ROLAND SICARD On va évidemment revenir sur ce qui est en train de se passer au Japon, on a le sentiment que les heures qui viennent vont être des heures cruciales.

ERIC BESSON Vous avez entièrement raison, elles sont cruciales. C’est une espèce de course contre la montre entre un processus qui est engagé, de réacteurs en fusion ou de combustibles usagés en fusion parce qu’ils ne sont pas suffisamment refroidis et l’action très très volontariste en utilisant tous les moyens du bord des autorités japonaises pour essayer de refroidir ces réacteurs, de remplir ces piscines dans lesquelles sont des combustibles, parce que ce qui est crucial, c’est qu’il ait de l’eau en permanence pour refroidir les structures de confinement ou la piscine pour les combustibles usagés.

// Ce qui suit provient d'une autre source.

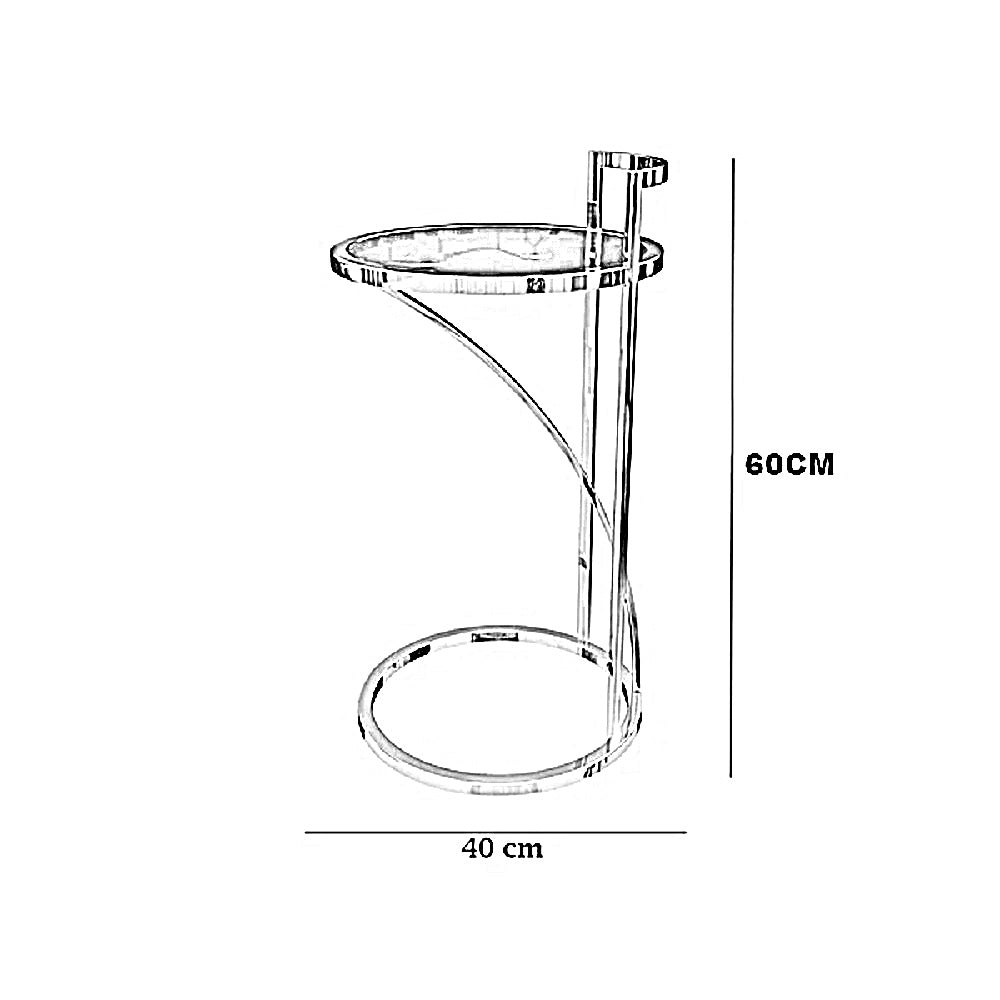 ترابيزة جانبية ستيل بسطح زجاج، 40*40*60 سم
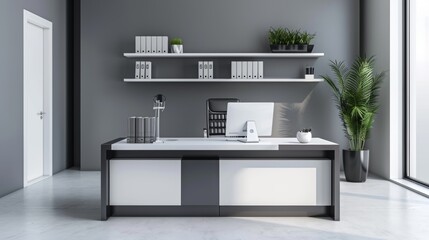 Contemporary office desk with drawers and shelves. Modern design with drawers and folders. Business interior design elements.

ROLAND SICARD Solutions qui paraissent quand même un petit peu désespérées, on voit des hélicoptères, on voit des lances à eau.

ERIC BESSON Je ne sais pas si c’est désespéré, peut-être que l’objectif que vous utilisez est adéquat mais en même temps c’est indispensable, c’est la seule façon maintenant d’atténuer l’impact de ce qui est en train de se produire et donc nos amis japonais ont entièrement raison de tout faire pour essayer d’apporter de l’eau. J’entends ce matin qu’ils seraient même éventuellement en mesure de rétablir l’électricité sur la centrale et donc les réacteurs. Ca ce serait, je le mets vraiment au conditionnel parce qu’on ne sait pas si ils y arriveront, mais ce serait une excellente nouvelle parce que ça veut dire capacité de rétablir les circuits de refroidissement, or ce sont les circuits de refroidissement qui sont tombés en panne qui expliquent la catastrophe dans laquelle on est.

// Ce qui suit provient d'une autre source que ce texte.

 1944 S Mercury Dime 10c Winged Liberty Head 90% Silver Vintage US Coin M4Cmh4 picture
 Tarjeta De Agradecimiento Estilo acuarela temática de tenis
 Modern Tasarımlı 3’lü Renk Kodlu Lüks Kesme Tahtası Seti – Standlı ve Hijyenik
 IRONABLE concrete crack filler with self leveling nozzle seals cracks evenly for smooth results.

ROLAND SICARD Mais est-ce que ce qui se passe au Japon peut avoir des conséquences pires que celles qu’on a connu à Tchernobyl ?

ERIC BESSON Je ne sais pas, il faut le dire avec beaucoup de précautions. Ce sera une catastrophe de toute façon à l’évidence, ensuite il peut y avoir des échelles, dans le pire de pire des scénarios, oui, mais le pire n’est pas certain et quand l’action des hommes est aussi volontariste que celle à laquelle on assiste, moi je me garderais bien d’un pronostique de ce type.

ROLAND SICARD Est-ce que les Japonais n’ont pas tardé à demander l’aide internationale ?

ERIC BESSON Ecouter c’est une question légitime, mais deux choses.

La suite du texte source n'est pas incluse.